[EXERCISE MATERIALS]:
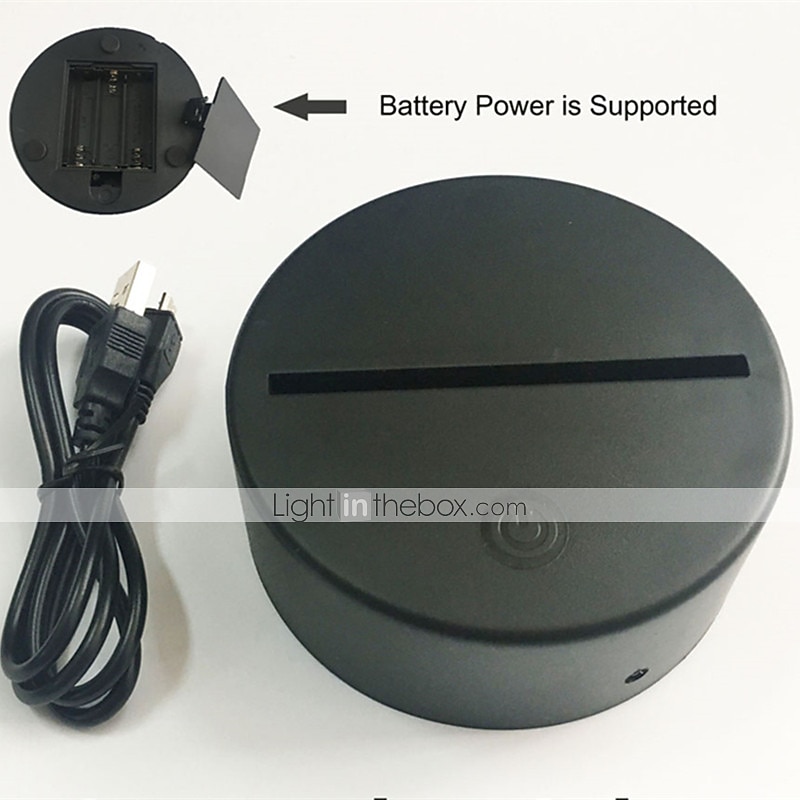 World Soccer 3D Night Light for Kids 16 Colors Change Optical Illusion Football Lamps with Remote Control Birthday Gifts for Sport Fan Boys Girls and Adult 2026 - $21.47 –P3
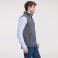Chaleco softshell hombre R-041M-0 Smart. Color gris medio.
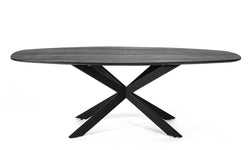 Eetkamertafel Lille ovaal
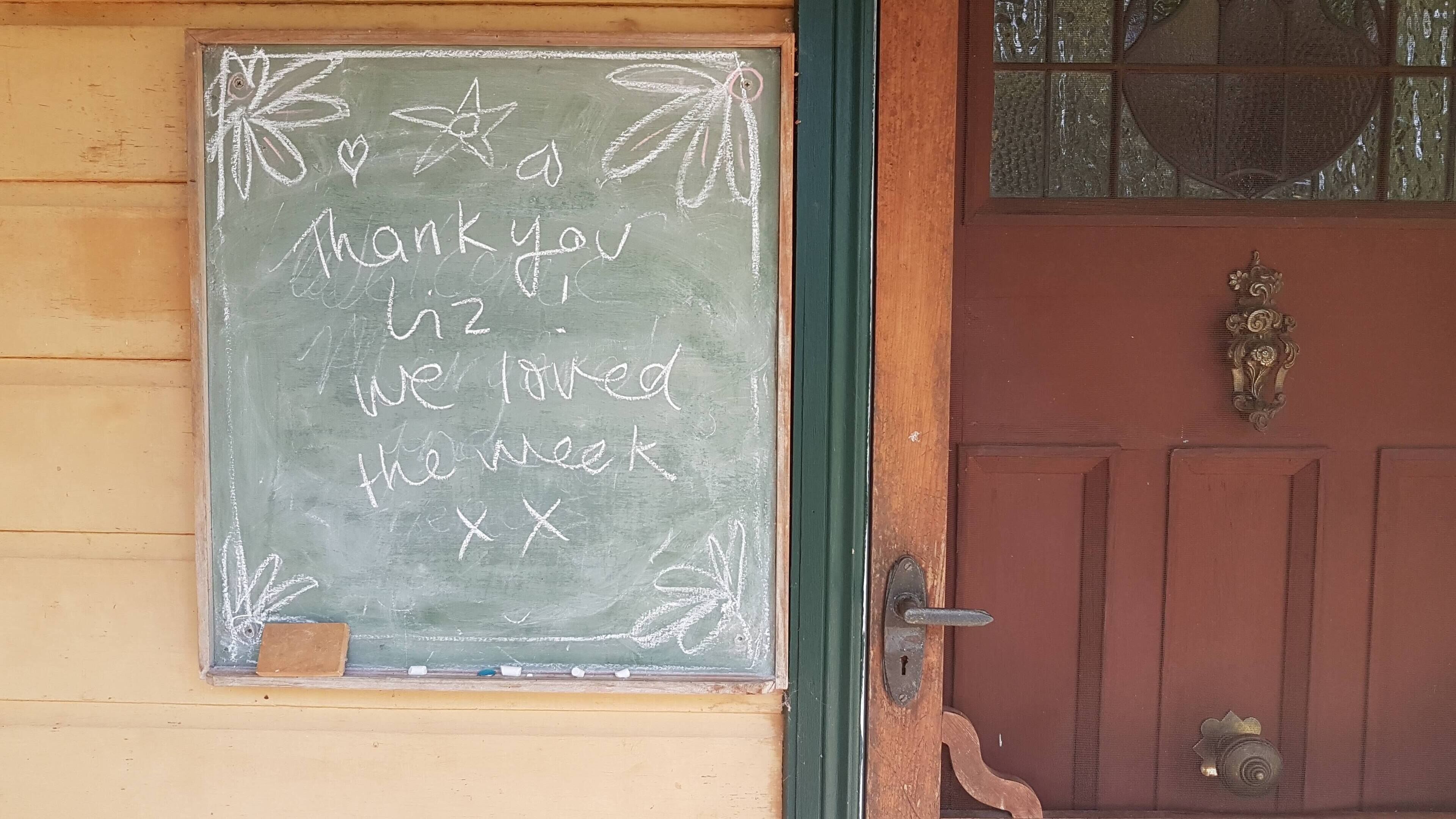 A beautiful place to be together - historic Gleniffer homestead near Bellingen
==
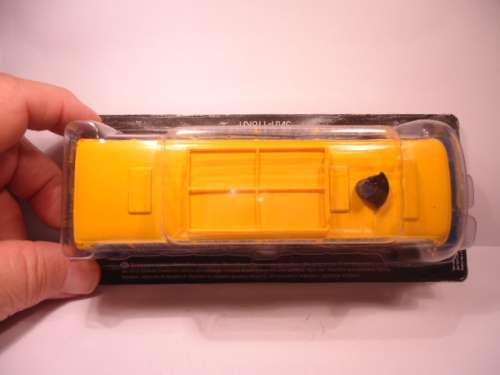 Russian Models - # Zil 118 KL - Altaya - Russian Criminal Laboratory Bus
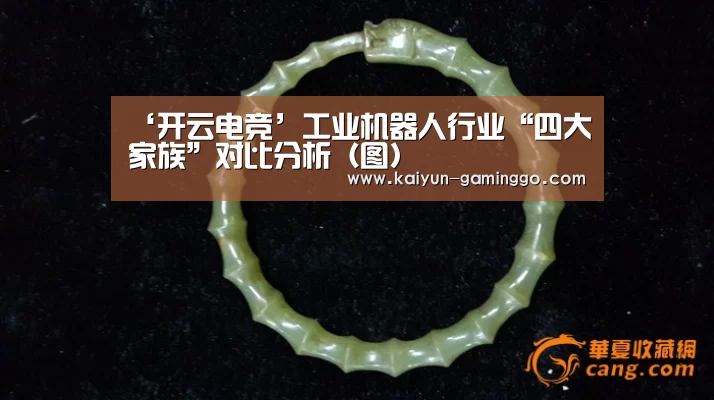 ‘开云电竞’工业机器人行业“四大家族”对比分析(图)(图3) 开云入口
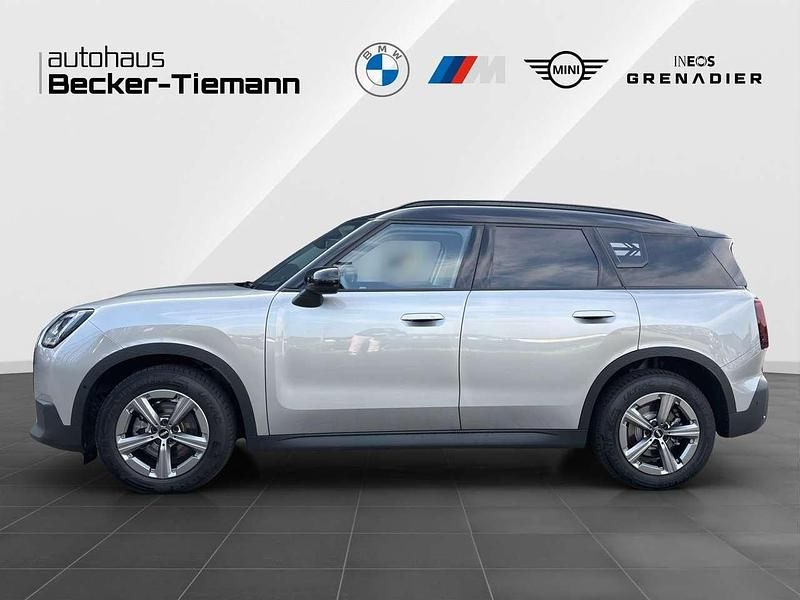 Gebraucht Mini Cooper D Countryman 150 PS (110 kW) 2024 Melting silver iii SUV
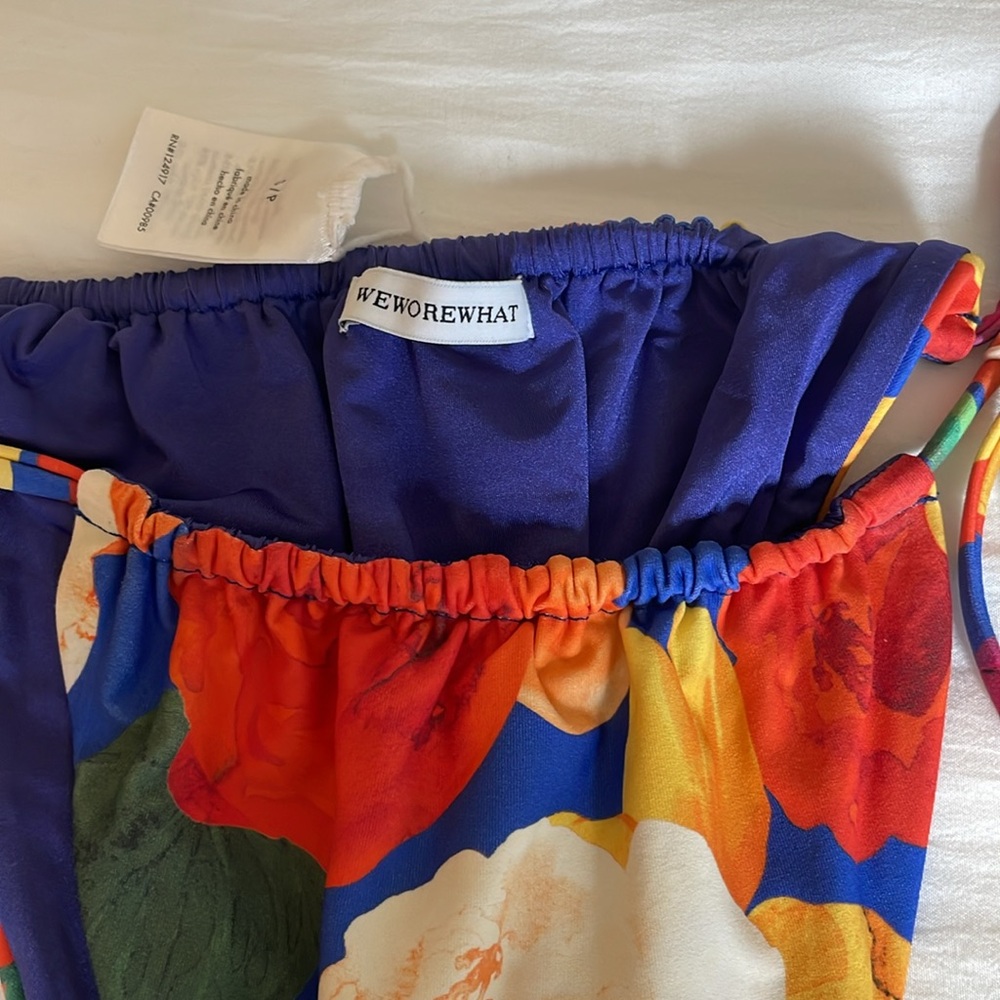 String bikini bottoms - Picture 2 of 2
...
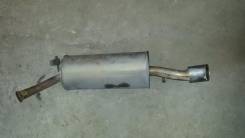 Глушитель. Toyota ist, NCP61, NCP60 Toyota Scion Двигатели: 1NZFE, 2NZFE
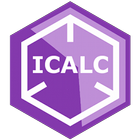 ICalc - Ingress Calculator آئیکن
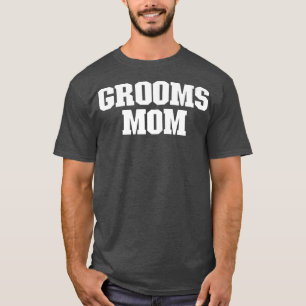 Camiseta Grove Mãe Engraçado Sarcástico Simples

[TASK DIRECTIONS]:
Only the lines above from the one containing "World Soccer 3D" through the one containing "A beautiful place" should be returned, verbatim and inclusive, with pictures excluded.

[SOLUTION TO THE PROBLEM]:
 World Soccer 3D Night Light for Kids 16 Colors Change Optical Illusion Football Lamps with Remote Control Birthday Gifts for Sport Fan Boys Girls and Adult 2026 - $21.47 –P3
Chaleco softshell hombre R-041M-0 Smart. Color gris medio.
 Eetkamertafel Lille ovaal
 A beautiful place to be together - historic Gleniffer homestead near Bellingen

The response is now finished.